本のある風景

2019.11.29

No.18 山本周五郎・エッセー「年の瀬の音」

市井に生きる名もなき庶民の姿をじっと見つめた山本周五郎。「師走は時を刻む音が聞こえる」という山本が1958年に発表したエッセー「年の瀬の音」(新潮文庫『雨のみちのく、独居のたのしみ』に収録)はいつ読んでも涙色に染まる。
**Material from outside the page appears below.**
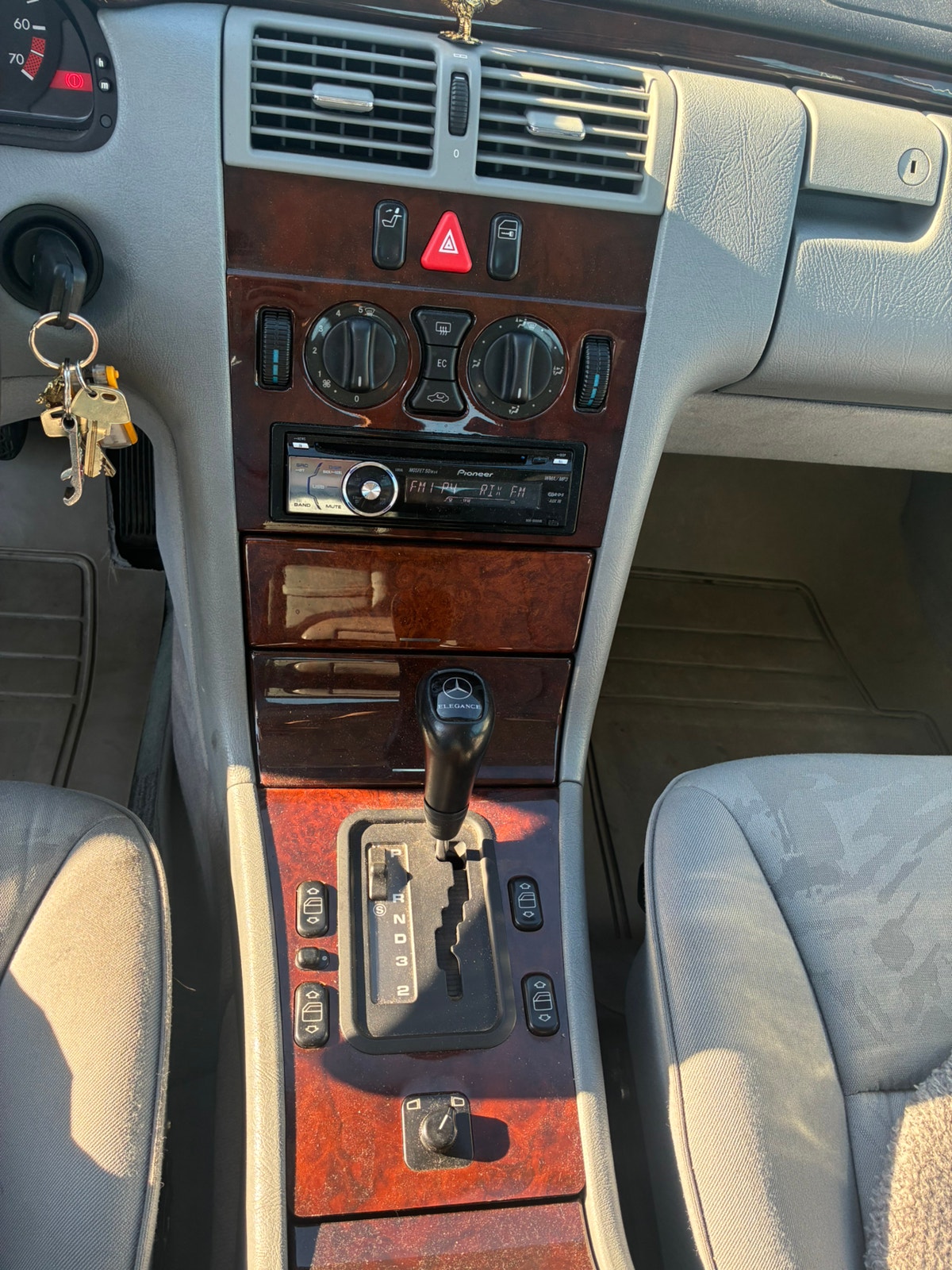 Mercedes E 230 til salg hos Nabilli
◆年も押し迫ったある日、電車で仕事場へ帰る山本の前に赤ん坊を背負い、5歳ぐらいの女の子を連れた母親が立った。伸びて乱れた髪。青ざめた顔はこわばっている。眉間の深いしわ。絶望したようなまなざし。この母子を山本は見つめている

◆母親のスカートにつかまった女の子が「かあちゃん、おばちゃんに会えてよかったね、ねえ、かあちゃん」。しかし、じっと無言の母親。また女の子が「かあちゃん、ねえ、おばちゃんがうちにいてよかったね」。母親は邪険にスカートを振り放し「うるさいね」

◆山本は「この母子の短い会話が疑問の余地のないほどあからさまにその事情を物語っている」という。「おばちゃん」と母子の関係は分からない。だが母親は赤児を背負い、女の子の手を引いて「おばちゃん」を訪ねた。「おばちゃん」は家にいて会えたのだ。

◆母親から「さあ、おばちゃんに会いに行くよ」と連れて行かれた女の子にはそれで「よかった」。だが、母親にはよくなかったようだ。山本は「ここで自分の想像を組み立てようとはしない」とそこまでしか書かず読者の想像にまかせる。
恐らく母親は、この年の瀬に、いくらかの金の工面に行ったのだろう。しかし無心を断られた。母親の目的が分からない女の子には「おばちゃん」がうちにいたからそれでよかったが、目的を果たせず、幼子を抱えどうやって年を越すか途方に暮れるしかない母親の心の乱れが、女の子への邪険な言葉になってしまったのだろう。

◆60年前、山本が聞いた“年の瀬の音”。今の中高生たちにはどんな〝音〟に聞こえるだろうか、と想像している。